There is no question that the press release that Manchester United issued to their supporters was ill-worded (as has been noted elsewhere, it made the fundamental mistake of mistaking ultras as merely hooliganism, amongst other things), although there is a case for pointing out that, with the benefit of hindsight, much else of what they said was correct. Much has been made of the United supporters’ arrival in Rome, and their congregating in the city centre, flag waving and drinking would, in the ultras’ eyes, be regarded as something akin to an act of war, but I simply don’t accept this as a justification for random acts of violence against the English in Italy. The Premiership is the most-watched league in the world.

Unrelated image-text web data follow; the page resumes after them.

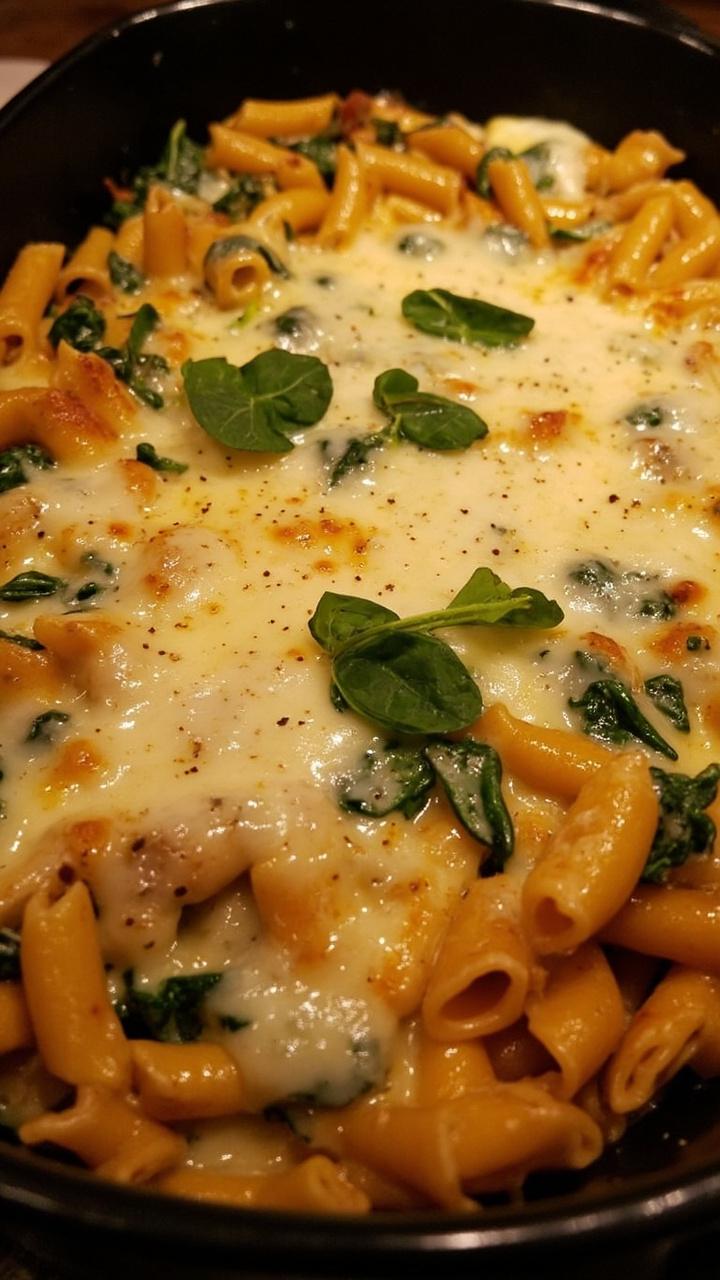 A deep casserole of penne pasta layered with bright green wilted spinach and a creamy white sauce, finished with melted mozzarella cheese bubbling around the edges, flecks of black pepper, and a few fresh spinach leaves for garnish. A deep casserole of penne pasta layered with bright green wilted spinach and a creamy white sauce, finished with melted mozzarella cheese bubbling around the edges, flecks of black pepper, and a few fresh spinach leaves for garnish.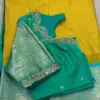 Rama Green Party Wear Saree with Grand Maggam Work Blouse Custom Sizes Best Price Online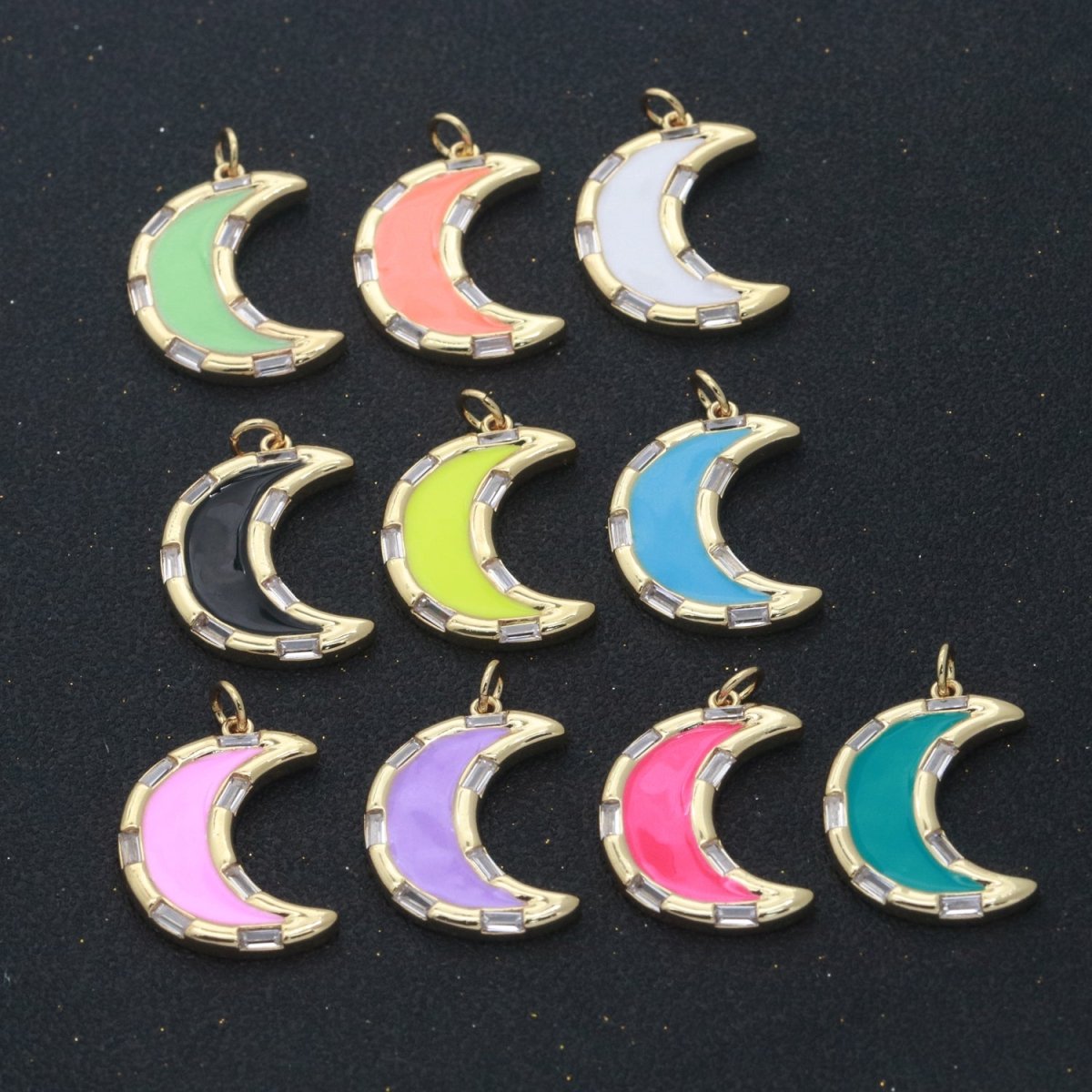 14k Gold Filled Crescent Moon Charm CZ Micro Pave, Enamel Moon Pendant, Celestial Jewelry Cubic Zirconia Charm Bracelet Necklace Earring M-627 - M-636 - DLUXCA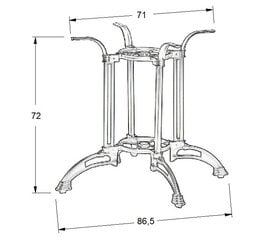 Lauaalus - malm SH-5033-2/B цена и информация | Другие принадлежности для мебели | kaup24.ee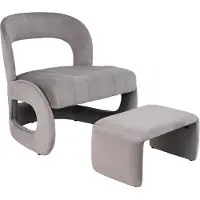 Costway Fauteuil met kruk, oversized relaxstoel met open rug en breed zitvlak, gevoerde leesstoel, tv-stoel XXL, ruimtebesparende oorfauteuil voor woonkamer, slaapkamer, kantoor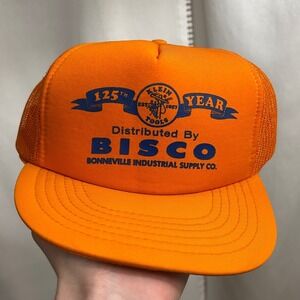 Vintage 1980's Orange Klein Tools Bisco Trucker Hat Mesh Back OSFA Trucker Hat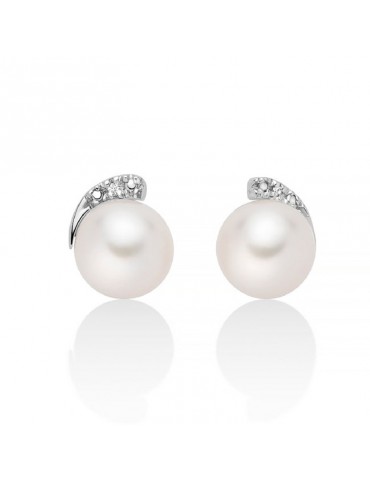 Orecchini Miluna - Oro Bianco 18 carati - Perle - Diamanti Naturali - PER2752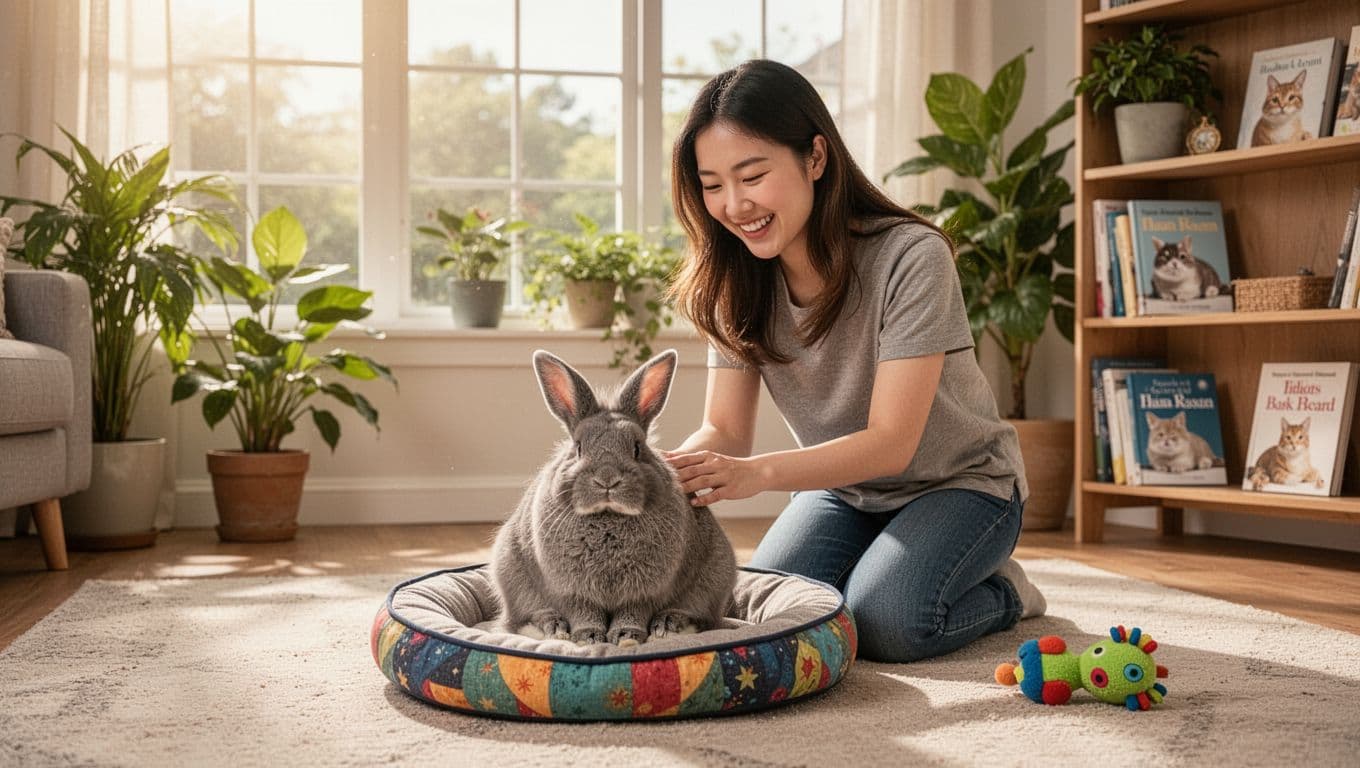 In a bright cozy living room, a smiling young Asian woman kneels gently stroking her fluffy gray pet rabbit on a colorful bed, with natural sunlight, houseplants, and pet books in the background.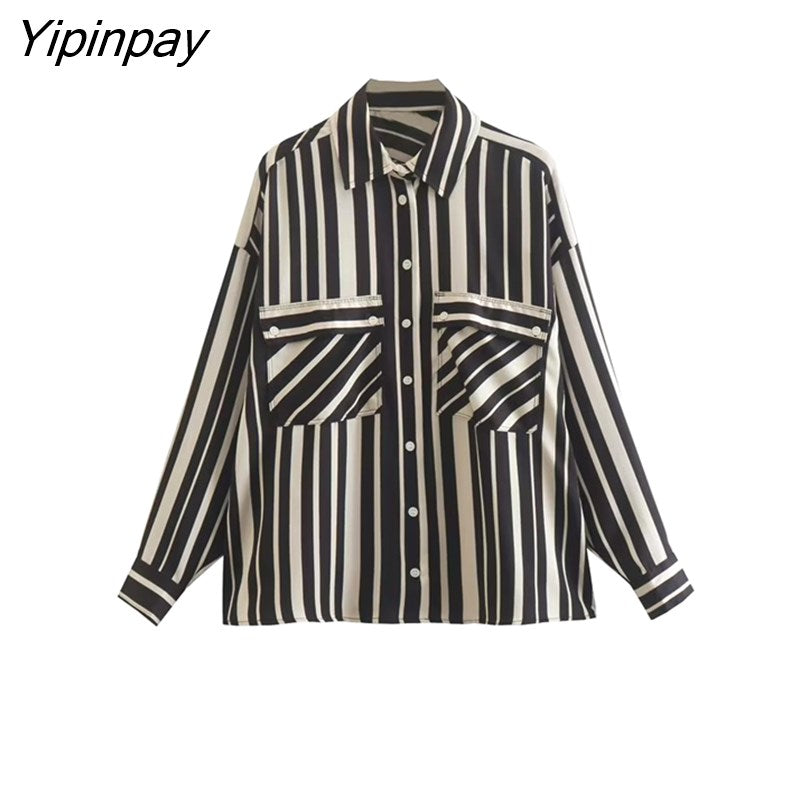 Yipinpay Women Striped Blouses Shirt 2023 Spring Autumn Causal Turn Down Collar Long Sleeved Thin Tops Single Breasted T-Shirts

Italian ultras are as aware as anybody else that carrying flags, singing songs and wearing replica shirts is simply part of the culture of English football, and nothing more than that. It’s not an excuse for stabbing people. Having seen the footage of events within the stadium, what is noticeable is that all of the riot police are on the United side of the divide between the two sets of supporters. United supporters shouldn’t have reacted in the way that they did to the provocation of the Roma supporters, but this is no excuse for the indiscriminate baton charging of the Italian police. Consider this thoughtful missive on the Guardian’s Sport Blog on the subject:
“I wish we could get away from this silly, outdated stereotype of Italian cities and the Italian people as uniformly sophisticated art lovers who occasionally indulge in a civilised glass of chianti with the evening meal. It is complete nonsense, as a trip around any Italian university town will make abundantly clear. The tanked up locals are just as obnoxious as the tanked up foreigners, and frankly, any urination in the streets by foreigners is just a drop in the almighty ocean or dog and human excrement already present. As for the comment on vandalising art works, well, I despair: believe me, the Italian teenager needs no lessons from anyone on defacing statues and buildings with marker pens.”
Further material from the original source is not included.